Fancy a walk through the Humber?
Well 6'9" Graham Boanas did it in 2005 to raise money for the charity DebRA and raised over £20,000.
The headline was "A man has waded across the River Humber for what is believed to be the first time in more than 1,000 years"
Good on him!
The same guy also walked across the Mersey more recently.
Where the Romans Crossed the Humber
On a blustery Easter Monday we walked from Hessle Foreshore (at the Humber Bridge) to North Ferriby along the Humber.
You pass by the train track and of course walk along the beautiful Humber, with views of Lincolnshire across the other side.

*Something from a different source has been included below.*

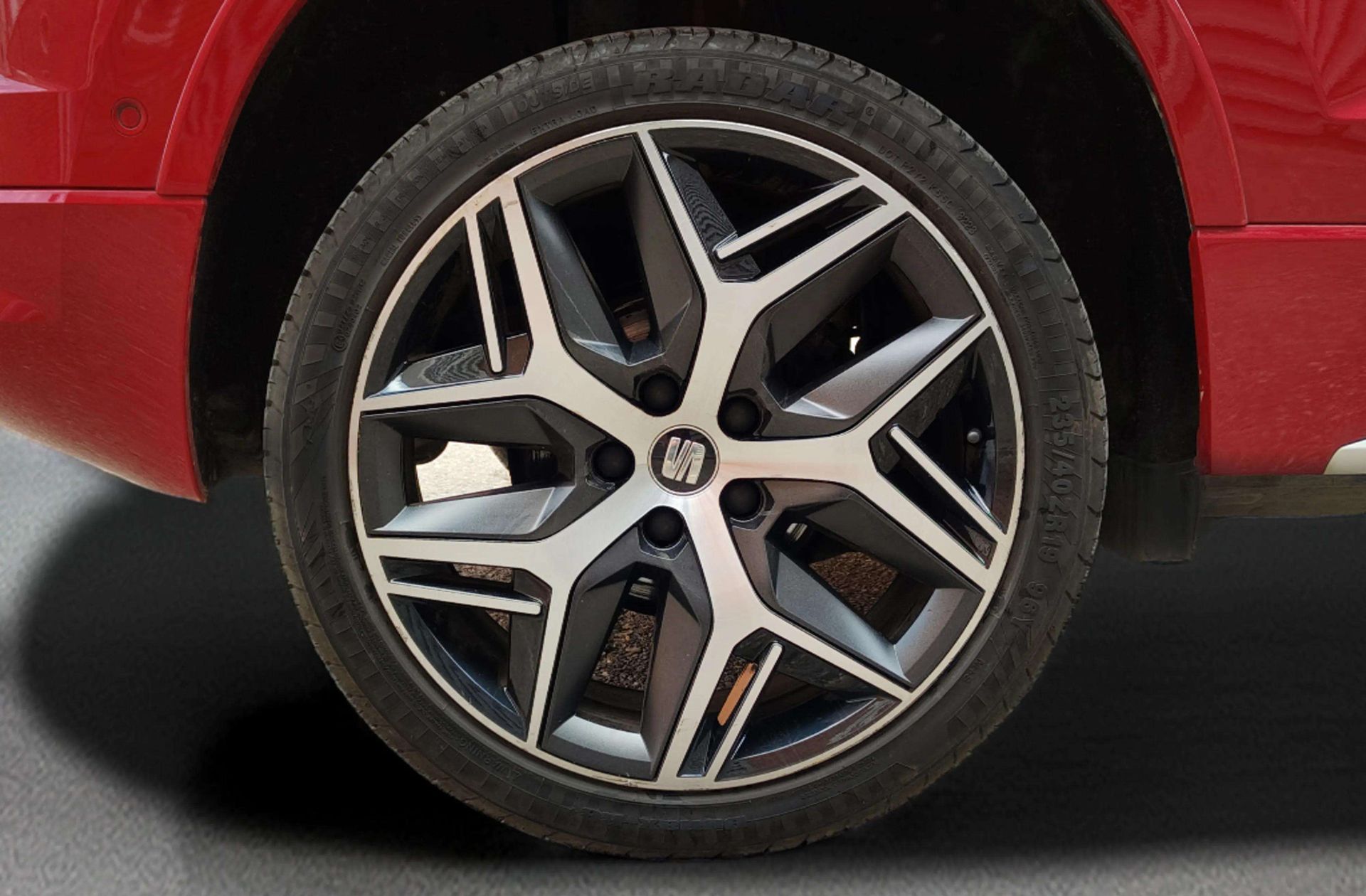 SEAT Ateca 1.4 Ecotsi FR - foto 37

North Ferriby has a lovely pub, serving food and good local ales, an Italian restaurant, two churches, a post office, a Co-Op and a school, it also has some lovely Georgian houses.
"North Ferriby" is a Danish name - Ferja bi: place by a ferry. The first wave of Danes settled about 876, by about 900 Danes and Saxons had grown into one people. Towards the end of the 13th century the village was in the hands of the de Vescy family of Broomfleet, later Willaim de Clyf was appointed to replace him, but Richard de Vescy and his associates resisted Clyf by force. De Vescy was denounced and excommunicated, but was only removed by the forces of the King.
The de Vescy family also founded North Ferriby Priory in 1152, called "The Prior and Brethren of the House of the Lord's Temple of Jerusalem". No other Priory in England was known to belong to this order. The Temple of the Lord was a church in Jerusalem distinct from the Temple of Solomon to which the Knights Templar were attached.